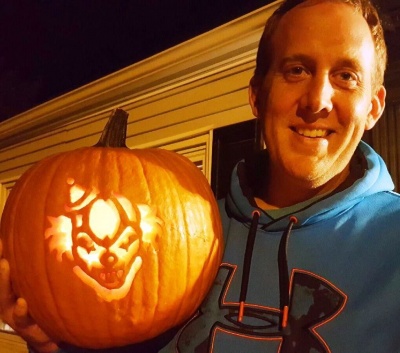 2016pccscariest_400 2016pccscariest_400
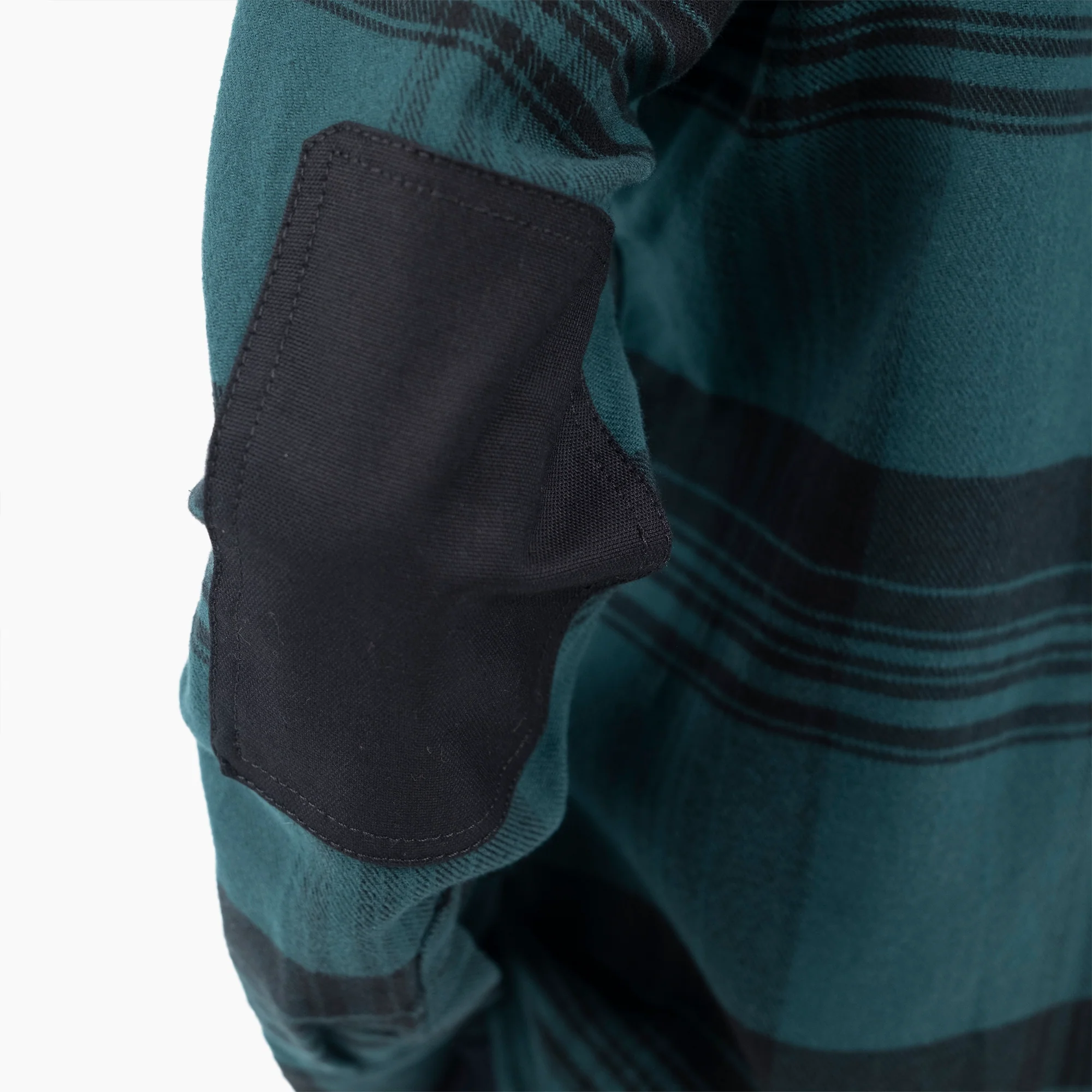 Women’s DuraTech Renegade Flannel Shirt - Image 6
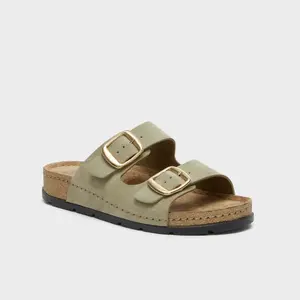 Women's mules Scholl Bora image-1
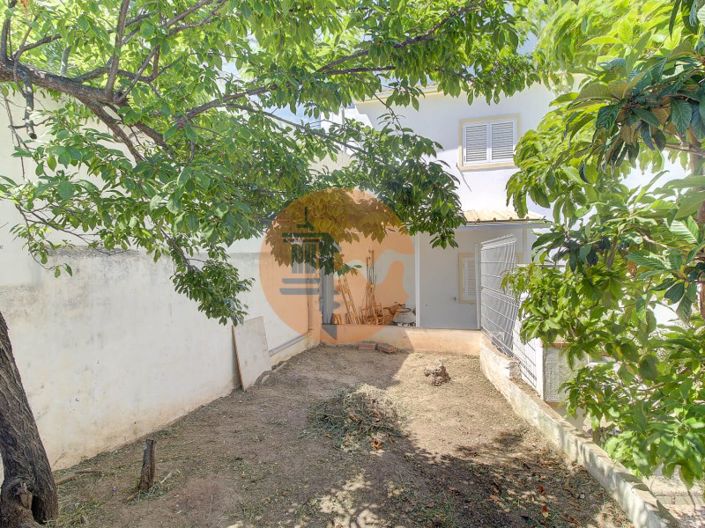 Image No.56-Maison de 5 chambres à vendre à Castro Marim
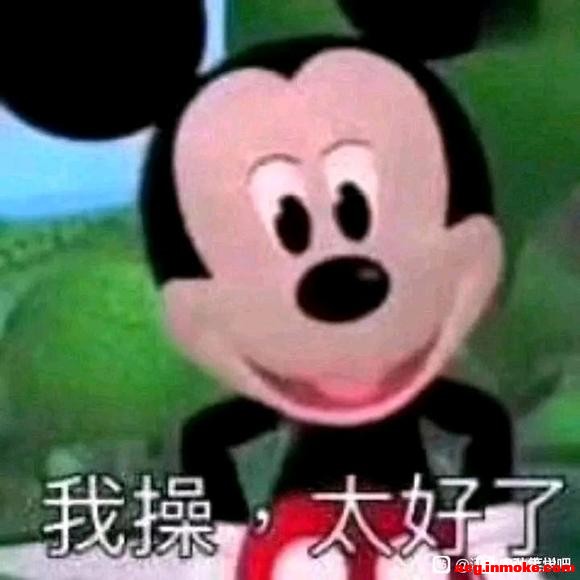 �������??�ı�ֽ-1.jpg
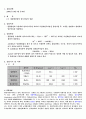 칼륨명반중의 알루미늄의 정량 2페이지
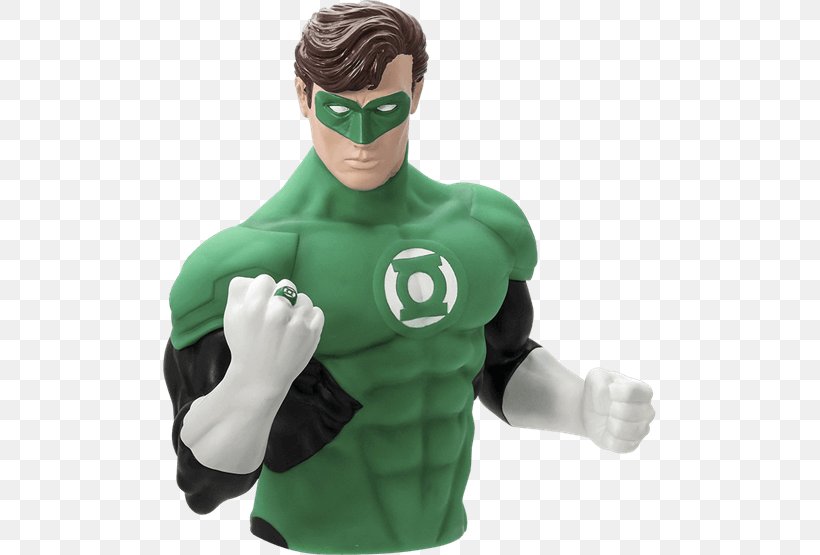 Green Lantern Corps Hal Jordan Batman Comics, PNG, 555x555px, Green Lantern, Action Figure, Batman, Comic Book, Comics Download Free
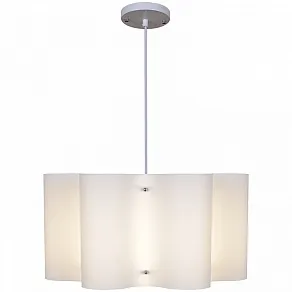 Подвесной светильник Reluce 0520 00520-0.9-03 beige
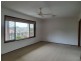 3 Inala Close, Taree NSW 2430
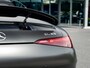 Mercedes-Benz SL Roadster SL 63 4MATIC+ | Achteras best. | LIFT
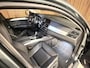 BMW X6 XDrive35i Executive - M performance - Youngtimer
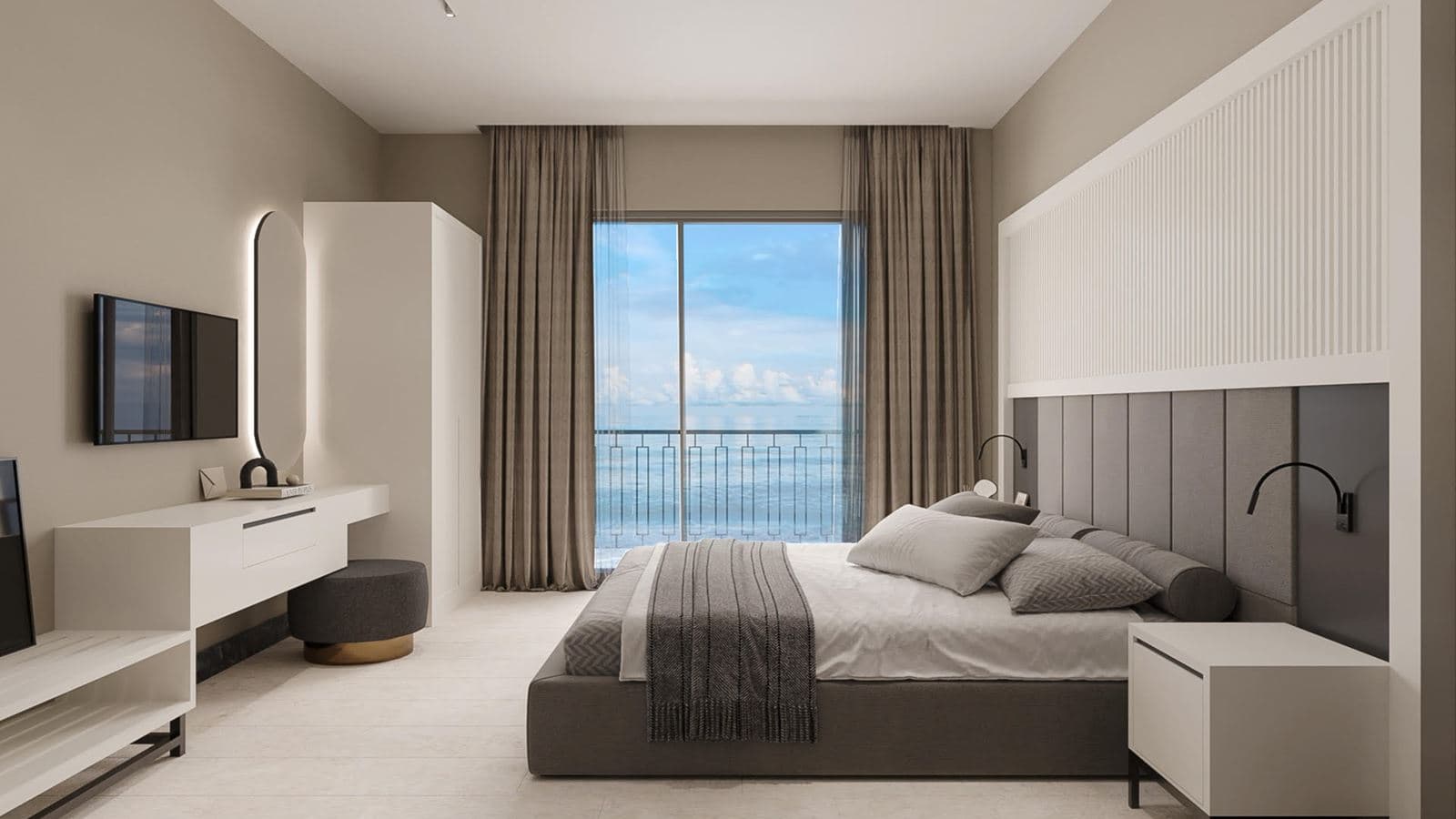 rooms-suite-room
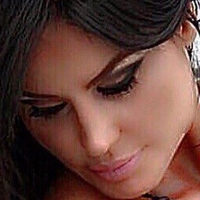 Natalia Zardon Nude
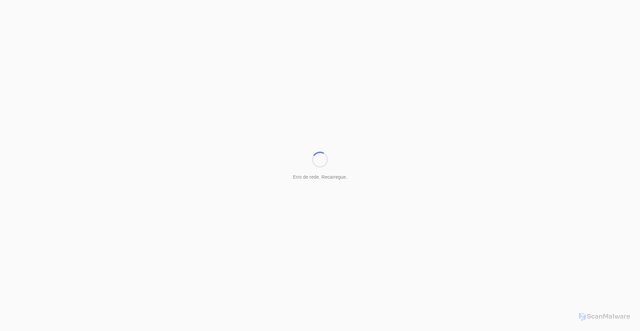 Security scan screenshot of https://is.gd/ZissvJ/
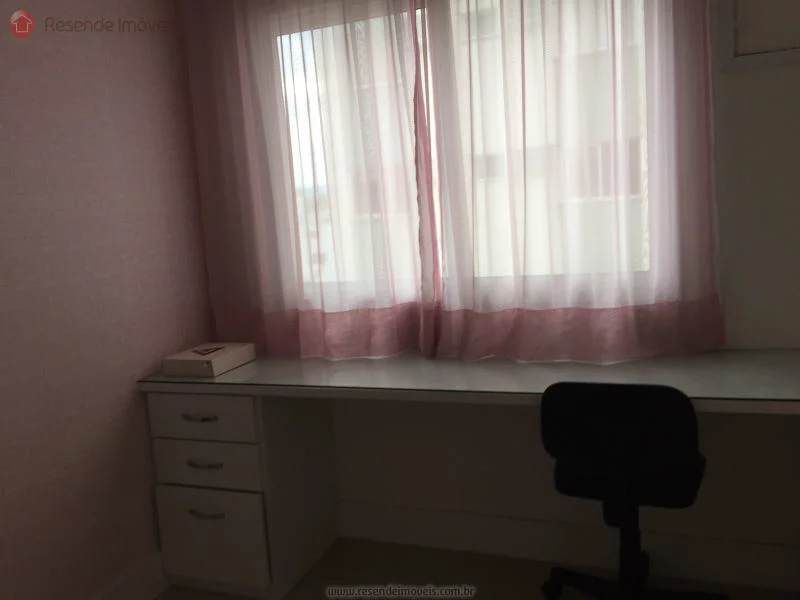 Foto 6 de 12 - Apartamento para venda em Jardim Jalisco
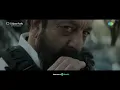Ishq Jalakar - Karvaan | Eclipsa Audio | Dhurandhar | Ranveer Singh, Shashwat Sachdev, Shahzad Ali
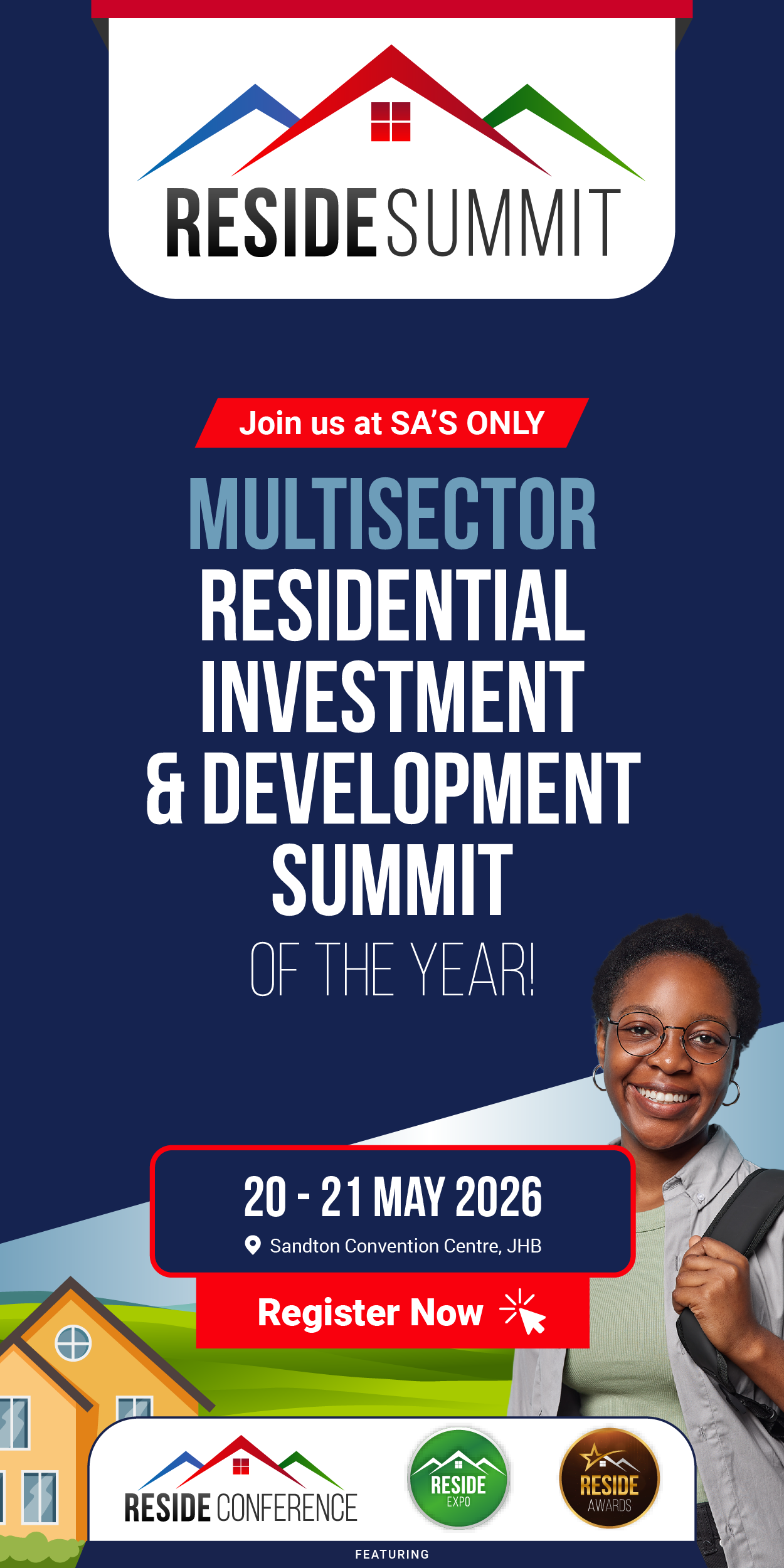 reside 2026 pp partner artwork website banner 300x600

========

What is needed is an exact copy of the lines from the start of the records through the line containing "칼륨명반중의 알루미늄의 정량 2페이지", with no pictures.

 2016pccscariest_400 2016pccscariest_400
 Women’s DuraTech Renegade Flannel Shirt - Image 6
 Women's mules Scholl Bora image-1
 Image No.56-Maison de 5 chambres à vendre à Castro Marim
 �������??�ı�ֽ-1.jpg
 칼륨명반중의 알루미늄의 정량 2페이지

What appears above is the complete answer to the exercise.